Lei è ormai alla seconda legislatura, come è cambiato durante gli anni il Parlamento Europeo?
Trovo che rispetto a dieci anni fa il Parlamento sia cambiato sotto diversi punti di vista. Il più importante è quello istituzionale. Con l’entrata in vigore del Trattato di Lisbona, nel 2009 i poteri del Parlamento sono stati notevolmente aumentati rendendolo a tutti gli effetti un attore centrale nel processo decisionale europeo. La nuova procedura di co-decisione, tramite cui viene adottata la maggioranza degli atti normativi dell’Unione, conferisce al PE un ruolo, almeno sulla carta, di parità rispetto al Consiglio.
Su quali dossier si sta impegnando attualmente?
Nella Commissione per gli affari costituzionali – dove ricopro anche il ruolo di coordinatrice del gruppo dei Socialisti e Democratici (SD) – sto lavorando come relatrice al Rapporto sulle possibilità offerte dal Trattato di Lisbona con l’obiettivo di permettere di sfruttarne tutte le potenzialità. Nella Commissione per lo sviluppo regionale) abbiamo analizzato il Sesto Report della Commissione europea sulla coesione economica, sociale e territoriale, con una relazione di cui sono responsabile per il gruppo SD. La questione delle riforme istituzionali dell’Unione è di grandissima attualità, mentre la Politica di coesione e quella regionale rappresentano i fiori all’occhiello dell’attività dell’Ue, con investimenti per 350 miliardi di euro in crescita e occupazione, soprattutto nelle aree più disagiate. In seno alla Commissione per gli affari costituzionali, inoltre, ci stiamo occupando del dossier riguardante la questione della legge elettorale europea e, soprattutto, del progetto di better regulation avviato dalla Commissione europea poco prima dell’estate.

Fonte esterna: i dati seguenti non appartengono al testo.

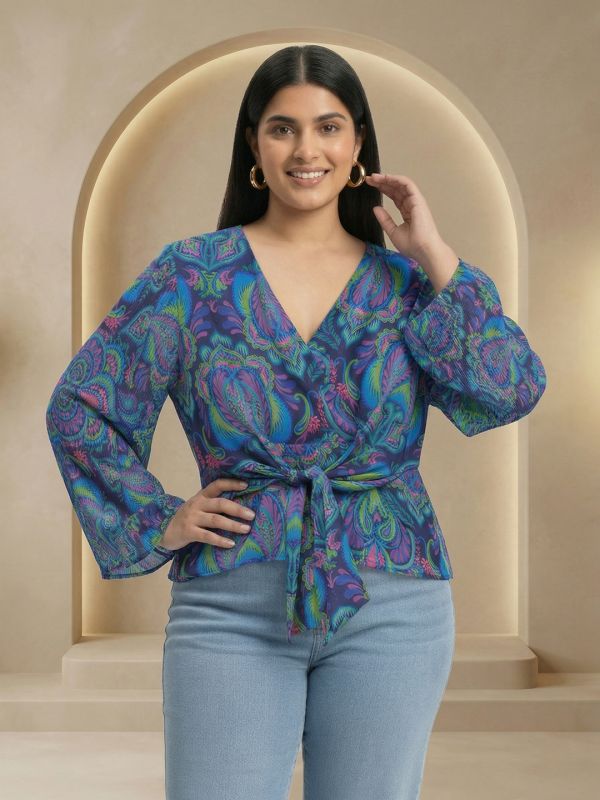 Globus Gloplus Women Blue Georgette Paisley Print V-Neck Wrap Waist Tie-Ups Flared Sleeves Plus Size Peplum Top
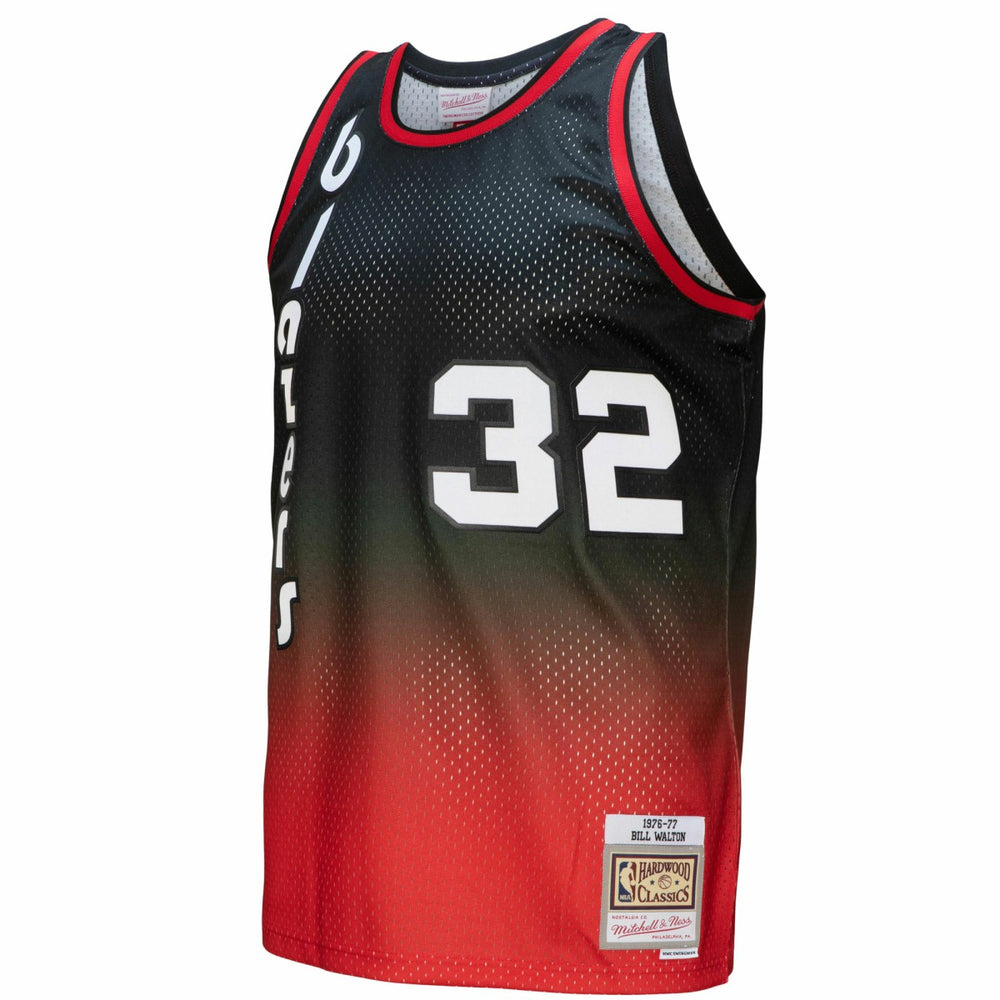 Bill Walton Portland Trail Blazers 1976/77 Hardwood Classics Fadeaway Swingman Player Jersey - Red/Black on sale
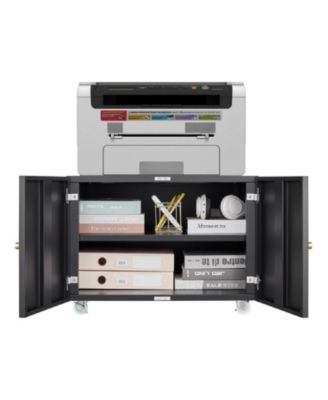 Rolling Metal Printer Cabinet with Storage for Home Office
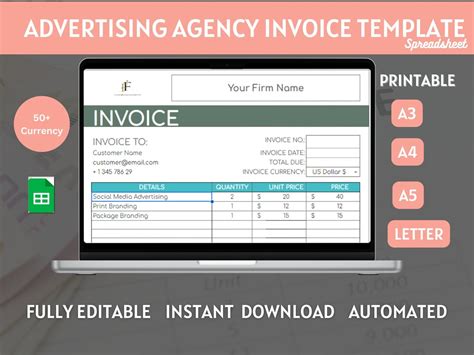 Buy Editable Advertising Agency Invoice With Formulas Print Ready ...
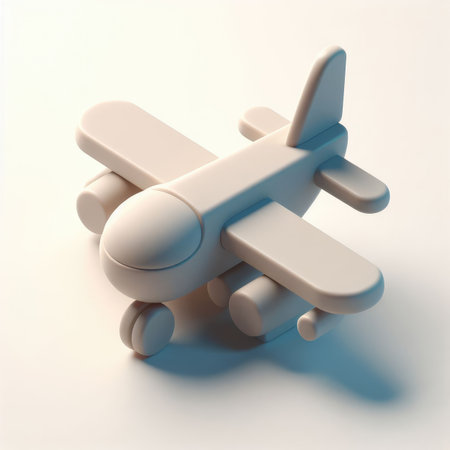 Fighter Jet with Missiles. 3D minimalist cute illustration on a light background.の素材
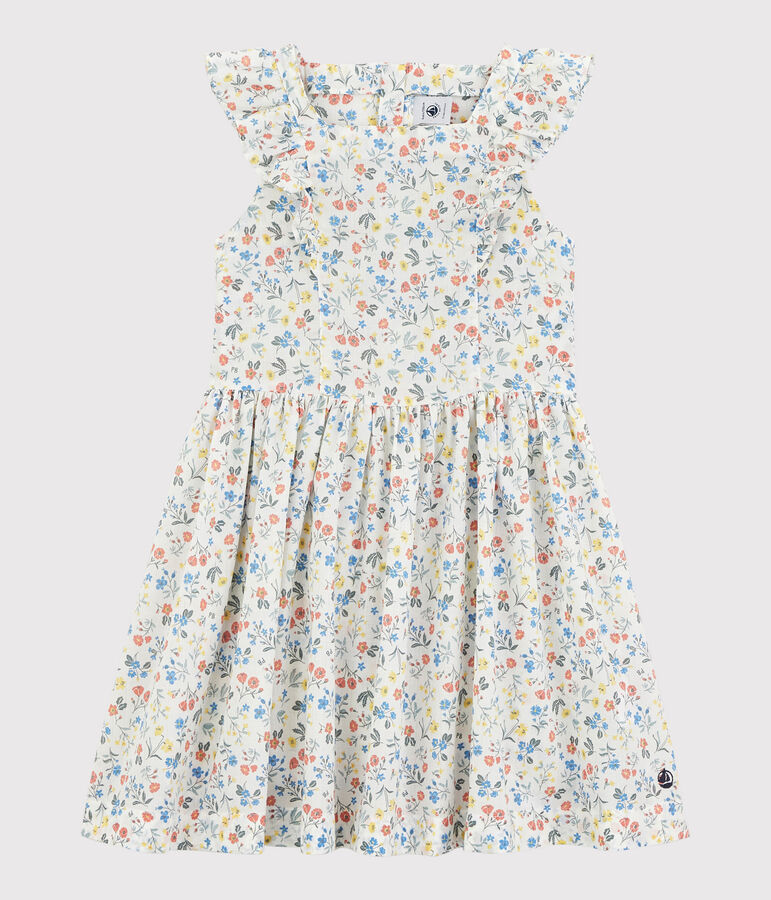 Robe manches courtes en popeline enfant fille blanc/multicouleur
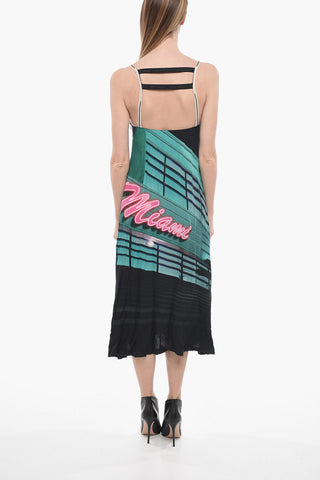 Printed MIAMI Dress With Raw Cut Bottom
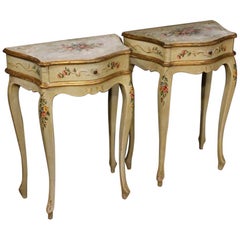 20th Century Pair of Lacquered and Painted Wood Venetian Bedside Tables, 1960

In che modo si sta adoperando affinché le proposte cui state lavorando possano avere un impatto positivo sull’industria italiana?
Le riforme istituzionali potranno avere un impatto positivo sull’industria italiana nella misura in cui permetteranno all’Ue di affrontare meglio le crisi economiche, le grandi sfide geostrategiche e di completare il mercato unico, oltre a rendere più credibile politicamente ed economicamente l’Europa nel contesto della competizione globale.

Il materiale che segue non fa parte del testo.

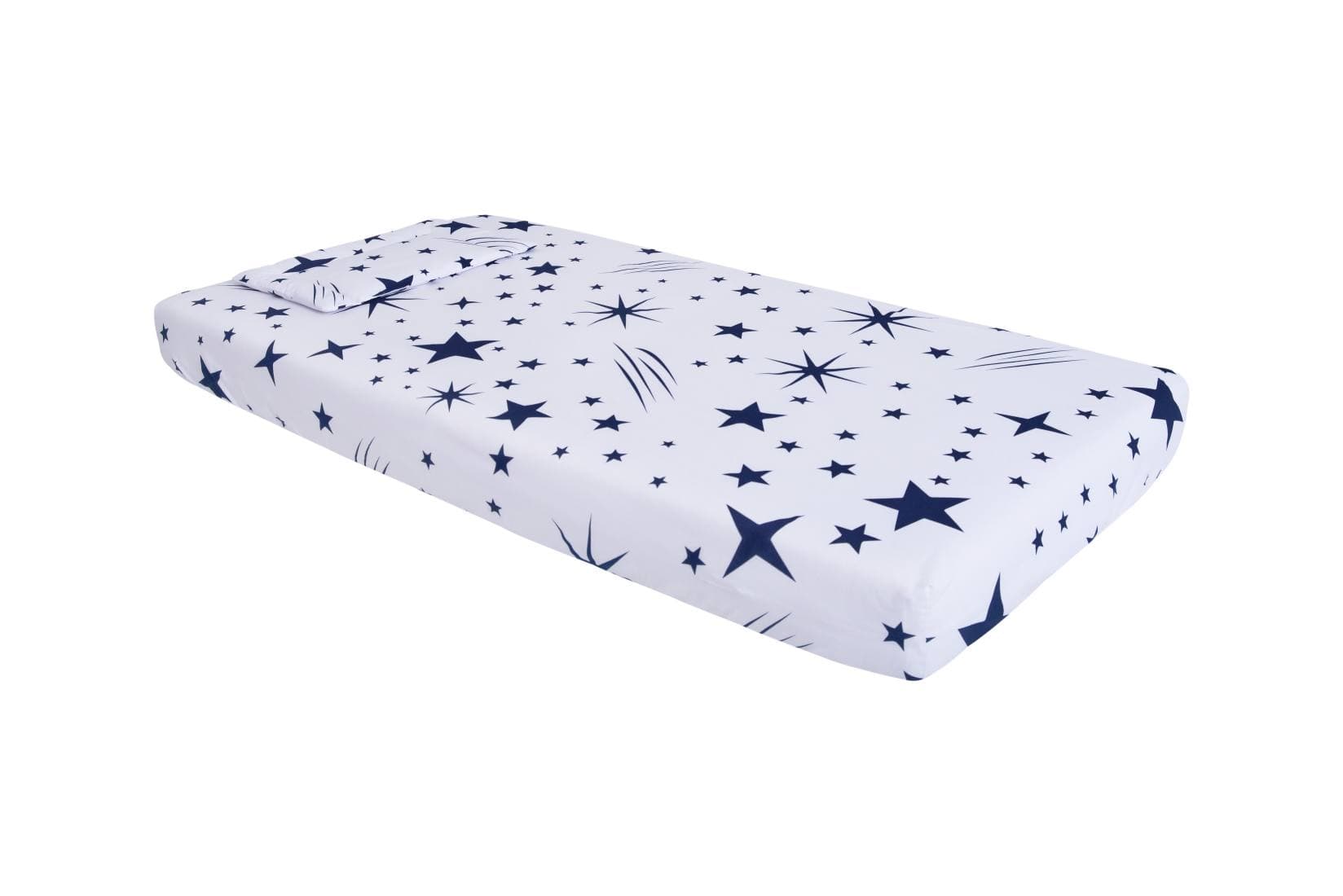 Lenjerie patut bebe, SomnART, cearceaf pat 60x120x10 cu elastic, cearceaf pilota 80x110, perna joasa 20x35, Stelute - 2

La Politica di coesione riguarda da vicino l’Italia, dato che il nostro Paese, nel corso del periodo 2014-2020, riceverà oltre 43 miliardi di euro da investire in crescita e occupazione. A ciò si aggiungano, poi, gli ulteriori fondi che saranno messi a disposizione dal Fondo Europeo per gli Investimenti Strategici (EFSI), dotato di 315 miliardi. Come gruppo SD, ci stiamo sforzando di trovare soluzioni concrete per creare un ambiente economico più favorevole all’imprenditorialità, a cominciare dalla semplificazione del contesto normativo e stiamo lavorando per rendere il sistema di formazione dei lavoratori più vicino alle necessità delle imprese e alle richieste del mercato. Un sistema, in definitiva, meno generalista e più aderente alla realtà.
Che cosa deve fare l’Europa per essere più vicina ai cittadini e alle imprese?
È fondamentale che l’Europa si muova verso una dimensione più politica. Questo è l’unico modo per coinvolgere davvero i cittadini nelle decisioni dell’Unione e valutare il lavoro dei loro rappresentanti europei. Ritengo, inoltre, che sarebbe un enorme passo avanti se l’Eurozona fosse dotata di un modello di governance economica più efficace e democratico in cui gli Stati concedano più competenze all’Unione ed in cui il Parlamento europeo eserciti, un controllo diretto sull’operato delle istituzioni. In questo modo, in ambito economico, l’Unione potrebbe agire in maniera più efficace ed efficiente. Questa forma di “unione politica”, almeno in ambito economico, è l’unica soluzione che possa garantire all’economia e alle imprese europee di rimanere competitive e credibili nel gioco della competizione internazionale. Non è, infatti, pensabile che i singoli Stati membri possano confrontarsi con giganti, quali Stati Uniti, Cina, da soli.